What you will find here is a practice. A practice, by definition, is the exercise of an activity, repeated to acquire or maintain a proficiency in that activity. A spiritual practice is the thing you do for 20 minutes or so a day in hopes that the sense of connection and capacity found in the experience accompanies you during the other 23 hours and 40 minutes of the day.

This is a practice using our grief and heartbreak as a path into a quiet heart and loving action. It’s also an invitation into joy.

***

As the forest fires burned a few kilometres away last summer, as around the world dams broke, wars escalated and political rhetoric sharpened, I struggled to find a quiet heart. My practice — reading, scripture, meditation, prayer — was hard to maintain. Yet I knew that if I continued to show up, practice would serve as a trail through the dark woods of despair, leading me to the space where I could remember that I am rooted in Christ. I needed that trail every day, because my serenity got blown to pieces every day.

For months, I had been working my way through Merlin Sheldrake’s masterpiece, Entangled Life, about the science of fungi. I read a few paragraphs each morning and pondered them in light of my faith. Early one smoky August day, I finally reached the epilogue, which began with a portion of a short prayer from St. Francis of Assisi. “Our hands imbibe like roots,” it read, “So I place them on what is beautiful in this world.”

My heart quickened. I looked up the footnote, tore through my bookcases, found Daniel Ladinsky’s Love Poems from God, read the last two lines of his beautiful interpretation of this prayer. “And I fold them in prayer, and they draw from the heavens light.”

I sat back, feeling like I had been given the complete contemplative manifesto for this climate of catastrophe: a template for working with grief, an outline of how to act. So I start this essay with gratitude. Thank you, Francis of Assisi. Thank you, Daniel Ladinsky. Thank you, Merlin Sheldrake.

And then I turn to the prayer, to the practice.

***

Our hands imbibe like roots.

First, I notice the words. Francis starts with the collective: “Our hands.” Like “Our Father,” the first-person plural in this short prayer reminds us of our communal experience. Francis is discussing the universal human reality that we have been created to be in relationship with each other and with the world around us. More than relationship, really: we are created to drink each other in. We are intended to knit together with each other.

It’s a lovely thing, this embrace of our incarnational selves. We aren’t the masters, above and better than all else; nor are we the parasites who deserve to die. We are simply and beautifully part of the whole.

I take that in: I am a beloved, entangled being, part of a web of beloved, entangled beings.

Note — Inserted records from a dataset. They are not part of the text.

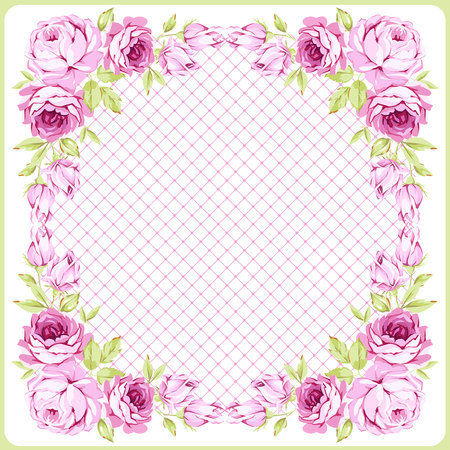 Floral round Greeting card with littlel pink rosesのイラスト素材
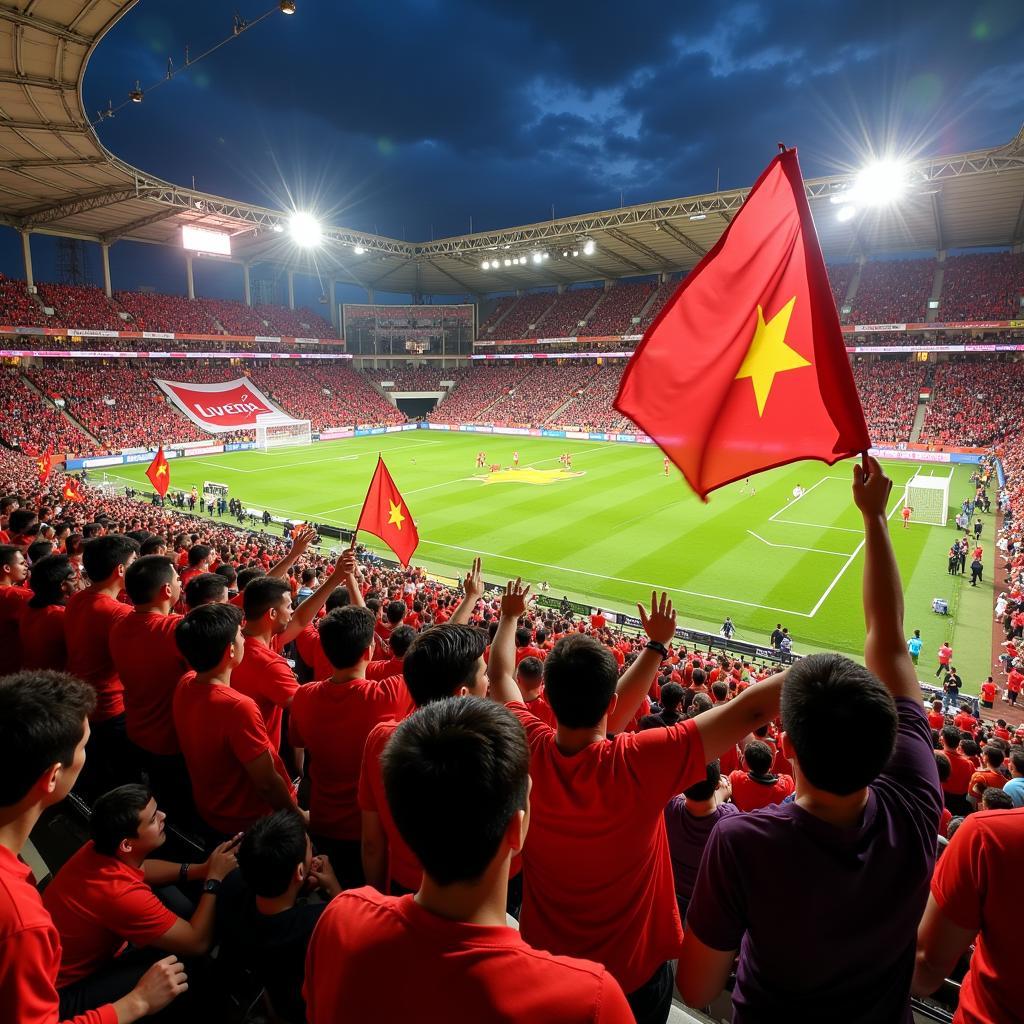 Viettel FC Fans Cheering in the Stadium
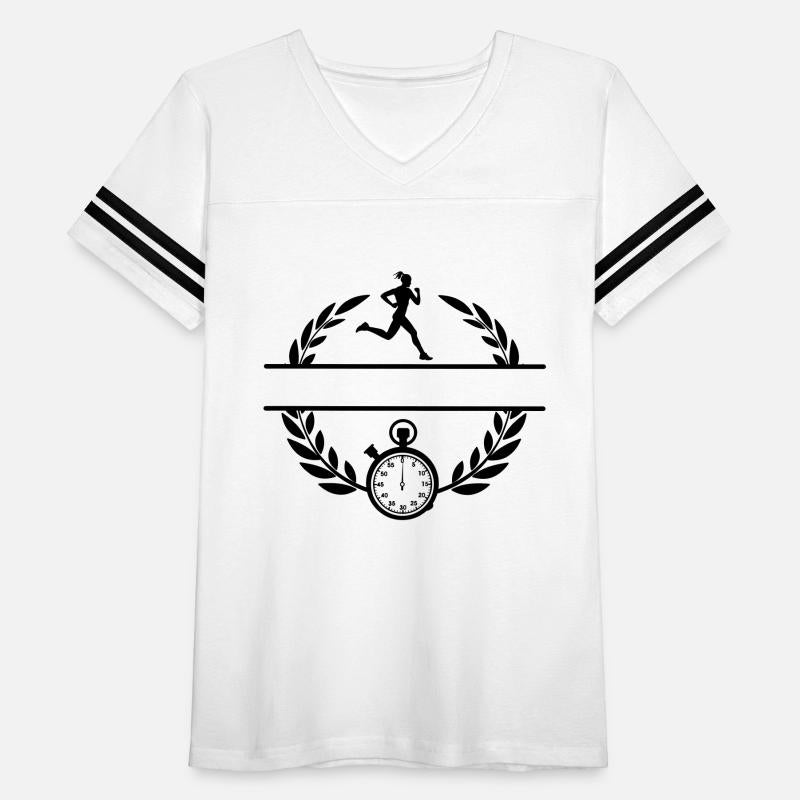 Stopwatch with woman runner in laurel wreath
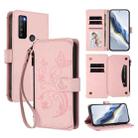 For TCL 30 XL / T701DL Butterfly Love Flower Multi-card Zipper Wallet Leather Phone Case(Pink) - 1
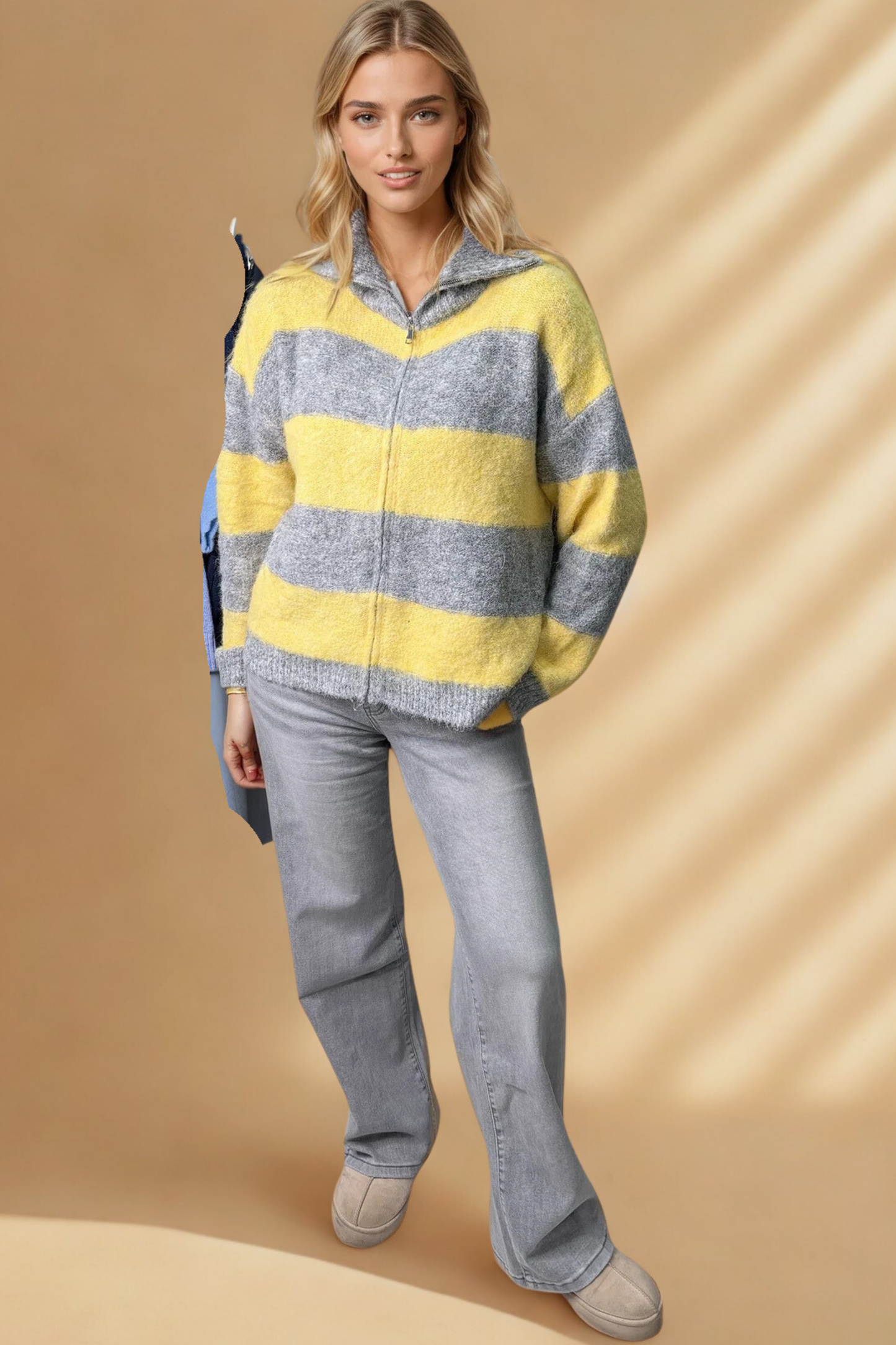 Yellow & Grey Stripe Zip-Up Knit Cardigan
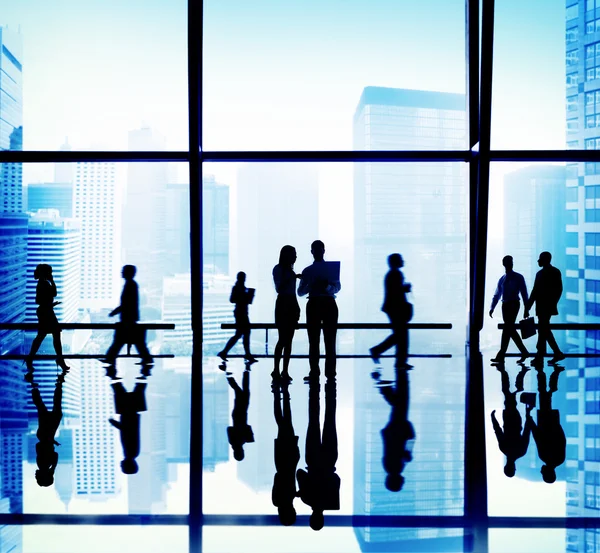 Business Corporate werknemers silhouetten — Stockfoto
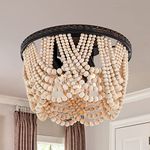 Boho Wood Beaded Chandelier, Bohemia 3 Lights Flush Mount Ceiling Light Fixtures with Engraving Pattern,Farmhouse Chandeliers for Living Room Passway Foyer Entryway Hallway Nursery,Oil Rubbed Bronze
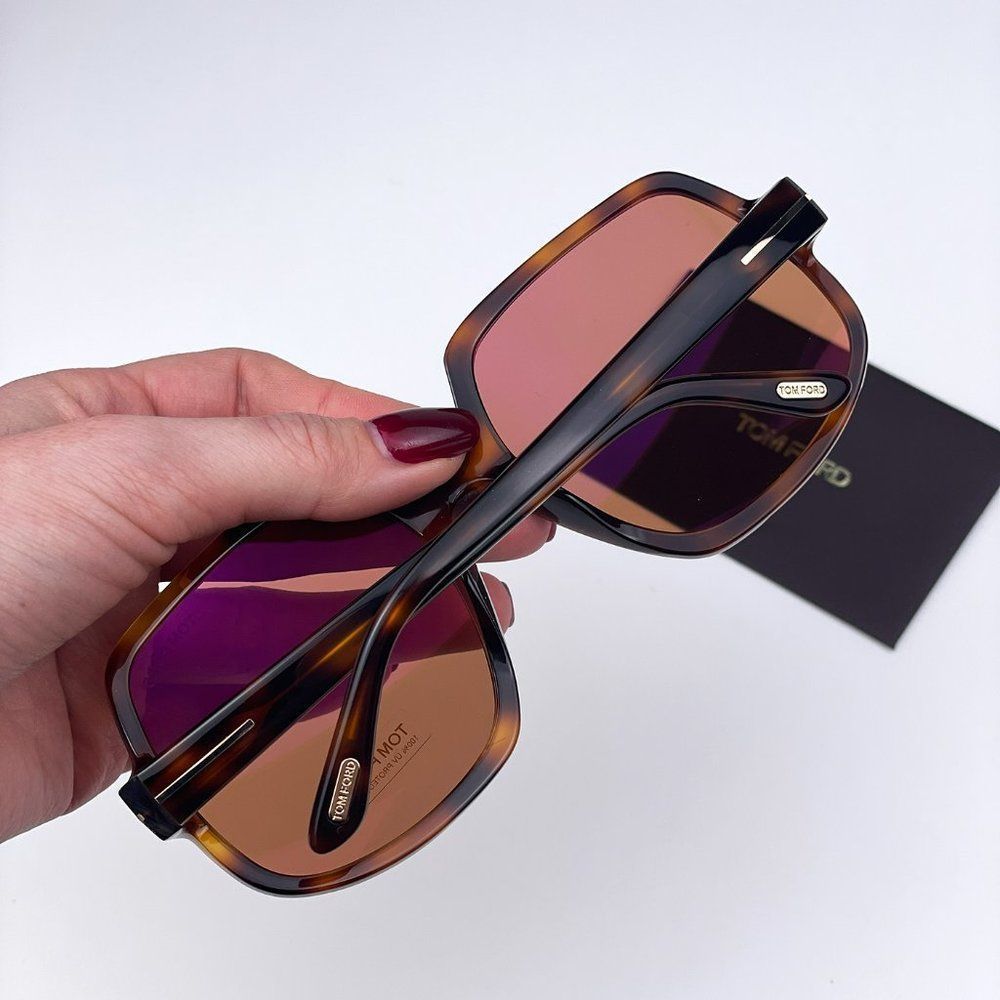 Tom Ford FT0992 DELPHINE 52E Sunglasses Havana Brown Oversized Women - Picture 6 of 12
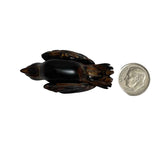 Carved Black Coral Bird Pendant Vintage Hawaiian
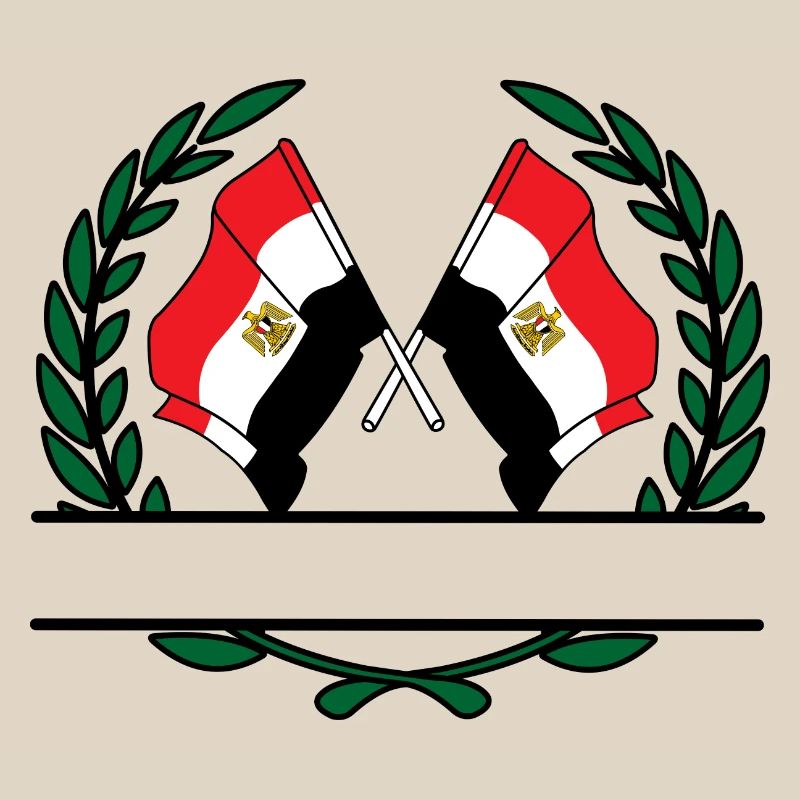 Drapeaux Égypte couronne de laurier bannière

“Our hands imbibe like roots.” This intoxicating line evokes the way that tree roots symbiotically entwine with mycorrhizal fungi, to transport nutrients and information between trees. At times, the roots and the fungi are so tightly woven together as to be indistinguishable, with fungi actually residing within the body of the root. The health of the trees and the health of the fungi depend on this relation- ship with each other.

Then I realize that it’s not just roots that imbibe. When I breathe out, the spruce tree outside my window inhales that breath. When that spruce exhales oxygen, I breathe it in. This remarkable cycle of breath sustains both of us; the health of the tree and my health depend on this relationship. This remarkable cycle of breath sustains all living creatures.

(Photograph by Stocksy)

From the ways that my breath is woven into the world, I move to pondering the rest of my body. I am host to myriad life forms, and these life forms shape my health and life. I eat plants and animals; tiny animals decompose my body when I die, and plants use that decomposed matter as food. We are woven together in life and in death.

We are also woven into the world mentally. As open-loop neural systems, every mind learns from the minds around it. My mind is restructured by reading your book or hearing your speech. But I also learn from you when you hum the baby a lullaby, when you post an angry comment, when I walk by a garden that you have tended.

There is, of course, a downside to all this connectedness. It is impossible to distance ourselves from the physical and mental world in which we are entwined. When the trees burn on the mountainside above me, I feel the flames licking at my bark. When earthquakes strike, I am searching the rubble for my toddler. When drought reduces the creek to a trickle, I lie gasping in the mud. When bombs fall, I am praying that my teenagers come safely home.

Being intertwined — imbibing like roots — means that I will take in the innocent suffering of the world. Being intertwined means that there are times when the sorrow overtakes me. It means that I cannot — I will not — stand untouched as Creation groans and writhes like a woman in labour.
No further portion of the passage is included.